Bad Idea for Dealing with the Behaviour Crisis #3: End Compulsory Education
Posted by: oldandrew in UncategorizedThere is some appeal to returning to the nineteenth century and making education optional. While there is a case that the system should make more allowances for those who are not learning in school, but nevertheless might learn in another environment, it is greatly over-estimated as a panacea for behaviour.
Secondary education is close to optional at the moment. Local Authorities are reluctant to fine parents who aid truancy and even those who do take parents to court are still slow to set the wheels in motion. For the worst behaved students there is very little that would actually get them into the classroom if they didn’t want to go. The suggestion that compulsory education is the cause of poor behaviour in schools ignores the fact that lots of badly behaved students want to be in school. Where else would they find a ready supply of adults to torment and peers to impress? More than one teacher has suggested to me that “EBD”, the current term for students that seem unable to behave, stands for Every Bloody Day because that’s how often they turn up. Conversely, there are a lot of well behaved students who would be the first to disappear if school became optional (often to escape the kids that won’t behave).

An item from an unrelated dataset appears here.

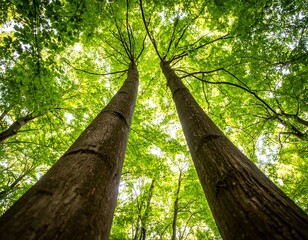 Fototapeta premium A perspective from the forest floor looking up towards two tall, mature tree trunks. Sunlight filters through the canopy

Furthermore, it doesn’t take too many bus journeys or walks through my local park, to realise that the propensity of groups of adolescents to misbehave is not dependent on being in school. Many of the students who are out of control in school are equally out of control on the streets. While teachers might well cheer if their behaviour was moved out of the school and became somebody else’s problem, it is unlikely that anyone else would be happy, making an end to compulsory education a political non-starter.